Il ghosting, termine coniato una decina di anni fa, è la scomparsa di una persona da ogni tipo di comunicazione, di solito senza spiegazioni o preavvisi. Un’espressione che ha attecchito perché cattura qualcosa dello spirito del tempo: parlare di sé e spiegarsi è troppo impegnativo. Di solito avviene nelle prime fasi di una frequentazione romantica, ma il ghosting può avvenire anche in rapporti di lunga durata, nelle amicizie, nelle relazioni familiari o lavorative.
Svanire come un fantasma dalla vita dell’altro lascia un sapore di confusione nello smarrimento emotivo. Nel caso di Francesca, il ghosting ha preso forma di silenziose spunte blu su WhatsApp.

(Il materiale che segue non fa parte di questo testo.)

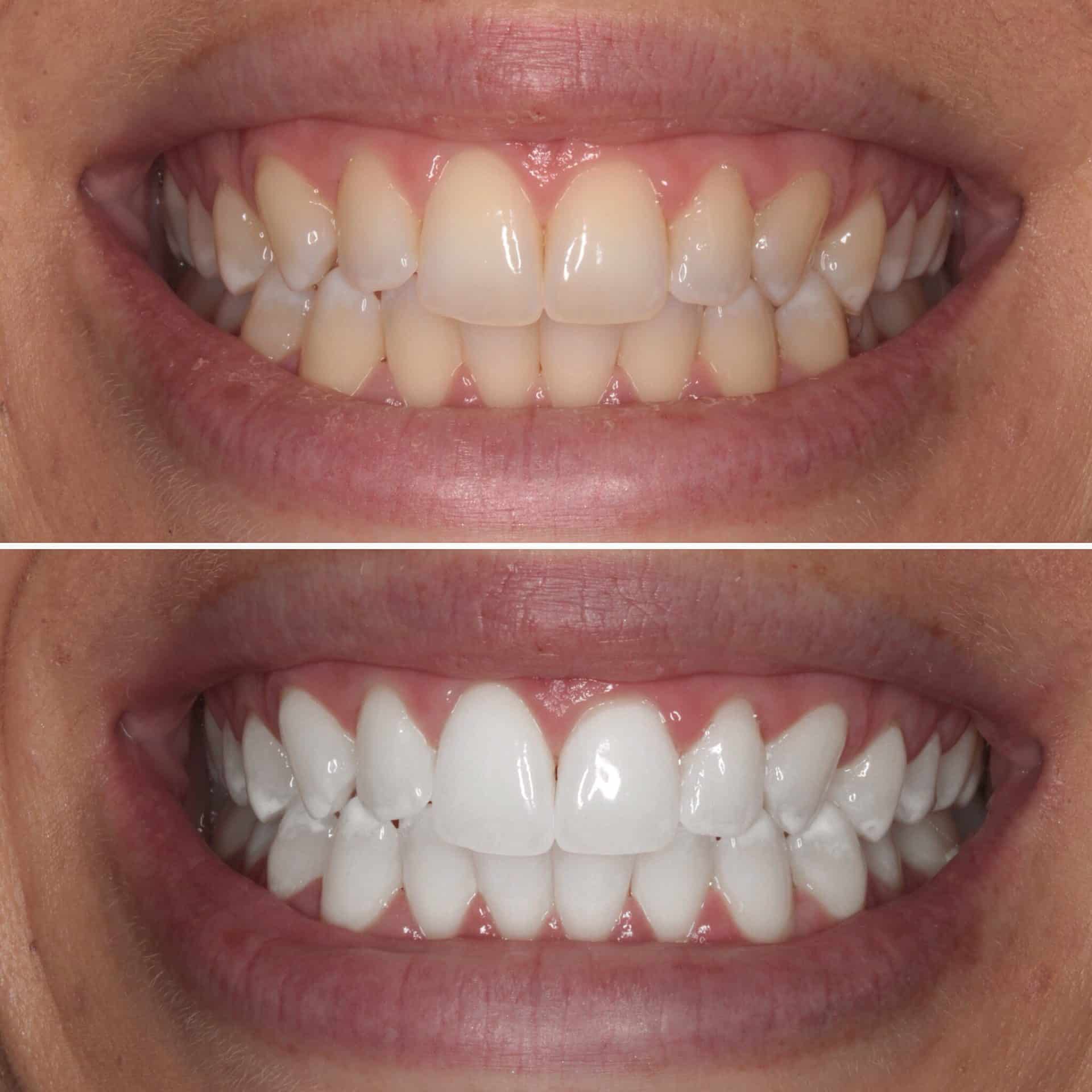 Smile treatment results showing before and after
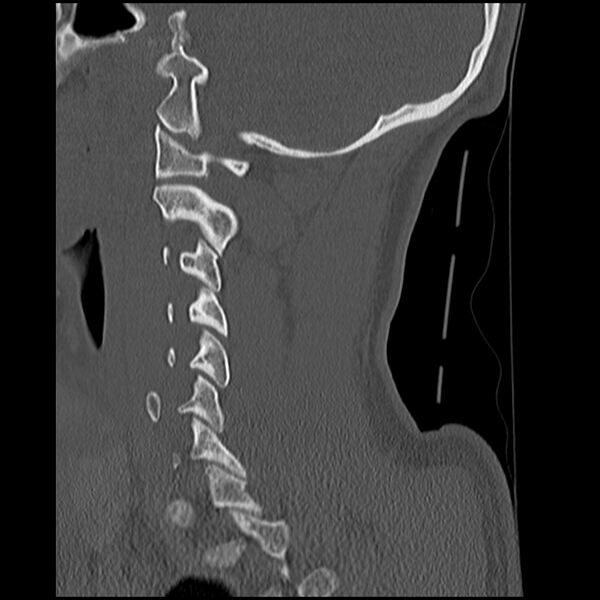 File:Cervical flexion teardrop fracture with cord hemorrhage (Radiopaedia 32497-33454 Sagittal bone window 14).jpg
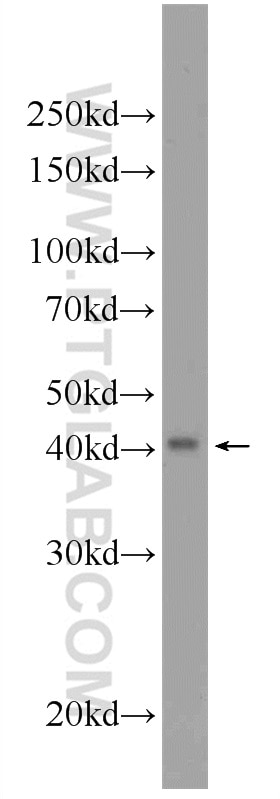 Western Blot (WB) analysis of PC-3 cells using TBCEL Polyclonal antibody (24548-1-AP)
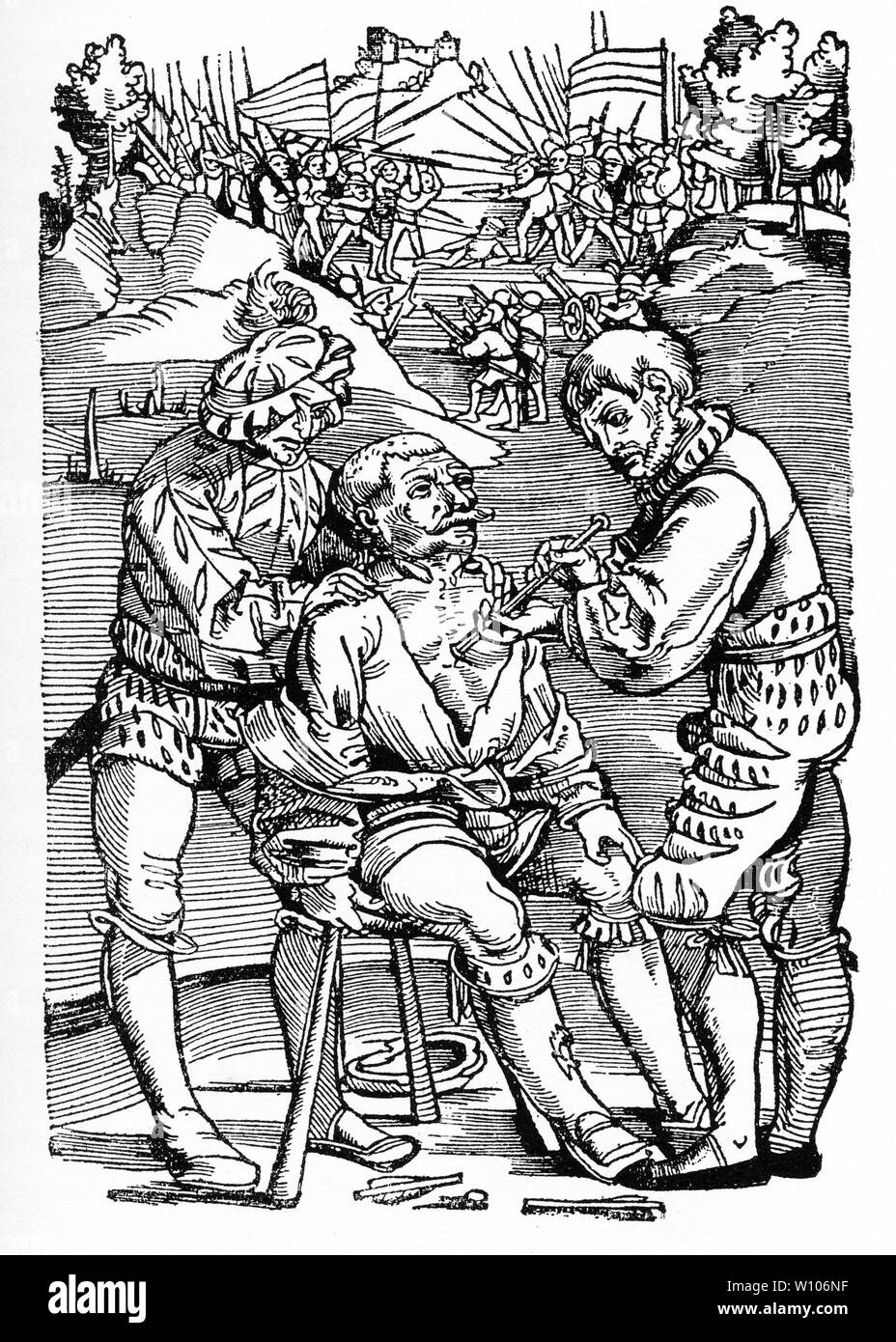 Engraving of a surgeon removing an arrow from a man's chest on the battlefield. From a woodcut from H. Gersdorf,  1528 Stock Photo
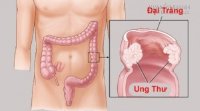 Ung thư đại trực tràng: Triệu chứng, nguyên nhân và cách phòng tránh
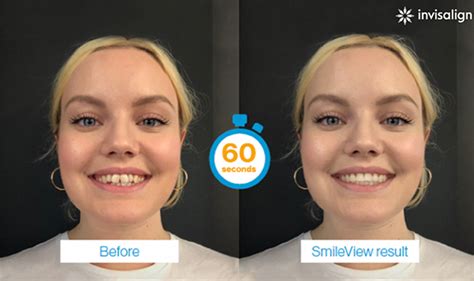 Invisalign Launches Smileview To Simulate Your New Smiledr Jacquie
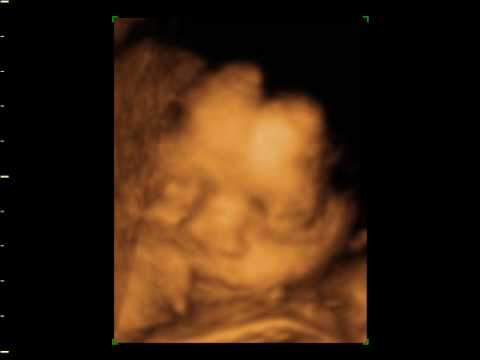 annalisa minetti Baby of Annalisa and Mark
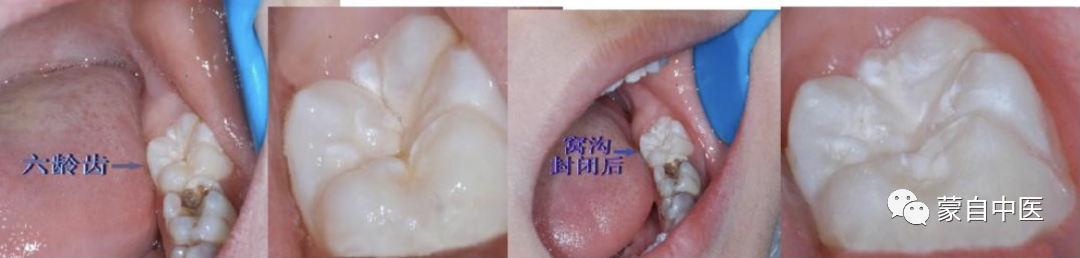 蒙自中医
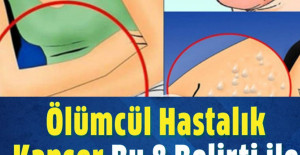 Kanserin Vücuda Verdiği 8 Belirti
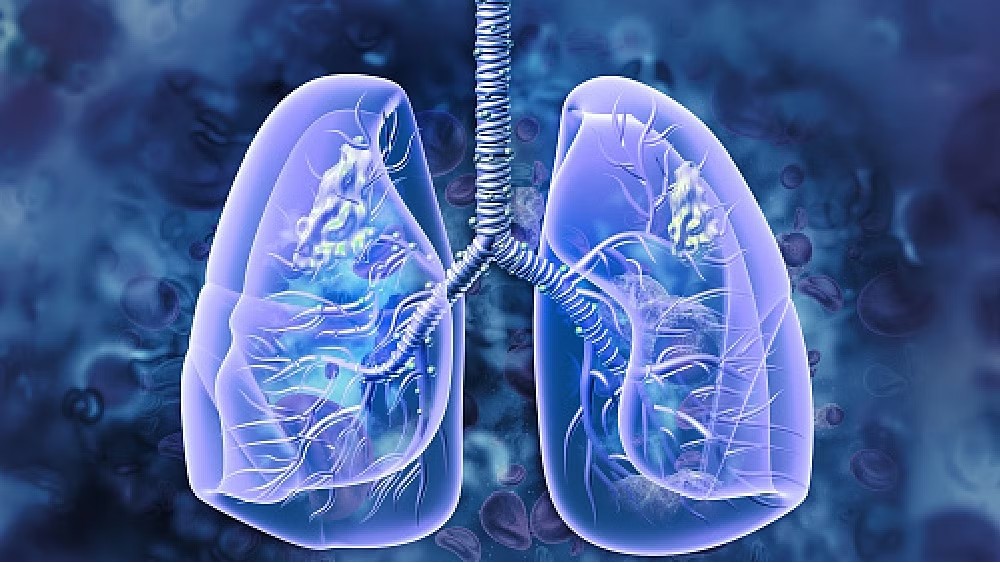 Study finds imaging agent helps to remove lung cancer tumors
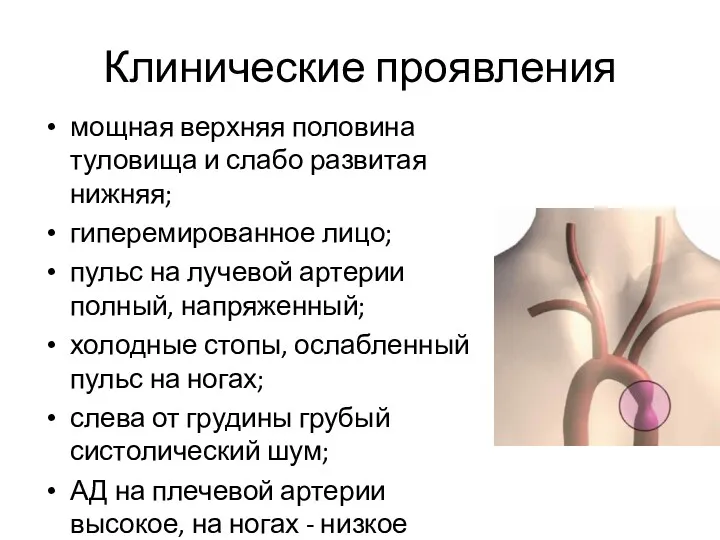 Клинические проявления мощная верхняя половина туловища и слабо развитая нижняя;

Poi, nemmeno più quelle. «Eppure da una settimana ci sentivamo tutti i giorni, eravamo usciti a cena qualche volta».
Del ghosting è psicologicamente destabilizzante l’ambiguità: non sapremo mai cosa è successo. Se hai un’attitudine ossessiva, Francesca ce l’ha, inizi a ruminarci sopra. Se il tuo narcisismo è fragile non ti rassegni, puoi diventare un implorante stalker del tuo ghoster. Se ti capita di essere ghostato più di una volta, inizi a perdere fiducia negli altri, ma soprattutto in te stesso.
Il ghosting ha varie parentele: per esempio, il fading , che è svanire gradualmente con risposte monosillabiche o emoji per troncare i discorsi; l’orbiting , che è scomparire per poi riapparire nelle comunicazioni online con modalità più sottili, leggermente manipolatorie, per esempio un improvviso like dopo che da settimane era calato il silenzio; il caspering (dal simpatico fantasmino animato), che sarebbe un modo più gentile di ghostare: veloce spiegazione e saluto. Tipo: «Grazie per il tempo passato insieme e in bocca al lupo per tutto!». Ma si può fare ritorno all’improvviso, come se niente fosse, anche dopo mesi di silenzio: è lo zombieing. [...]
Il ghoster è eccitato dalla seduzione e dalla gratificazione a basso costo procurata dalla conquista digitale. Poi, quando la relazione prende forma, quando diventa fisica, e dunque presto scomoda, batte in ritirata. In alcuni casi con un certo disagio.
Non tutti i ghoster sono filibustieri, a volte sono solo gravi incompetenti relazionali. I ghoster peggiori sono ovviamente quelli poco empatici e poco mentalizzanti. Non sentono come stai, non pensano a come stai. Scomparire può essere il comportamento che consegue alla fuga nel silenzio per l’imbarazzo di ferire l’altro, la convinzione sbagliata che essere ignorati sia meglio di essere rifiutati.
Lo psicologo pragmatico della comunicazione Paul Watzlawick avrebbe avuto molto da dire, collocando il ghosting nel regno della disconferma, una modalità comunicativa che, con il suo implicito messaggio («non esisti»), può mettere in crisi il senso del sé. È quello che succede a Joel in Se mi lasci ti cancello di Michel Gondry, quando, dopo una furiosa litigata, la sua amata e sofferente Clementine decide di cancellarlo, letteralmente, dalla memoria, facendo richiesta alla clinica Lacuna del Dottor Mierzwiak, specializzato in ablazioni mnestiche. [...]
Un mio studente mi racconta che essere ghoster può significare anche diventare fantasmi di sé stessi. Il mutismo digitale diventa una gabbia invisibile che protegge dalla messa a nudo del sé fragile quando una relazione inizia a diventare vera. Il ghoster intelligente lo sa, e spesso se ne vergogna. A volte vorrebbe apparire con una spiegazione, ma la giostra dell’imbarazzo ha già iniziato a girare velocemente: non si può più scendere.
[...] Il ghosting apre la porta a riflessioni sull’evitamento dei conflitti, sugli stili di attaccamento, sul modo in cui la tecnologia finisce per costruire, a nostra insaputa, la forma delle relazioni personali. Il ghoster si gode la libertà di non conoscere croci e delizie della continuità. [...]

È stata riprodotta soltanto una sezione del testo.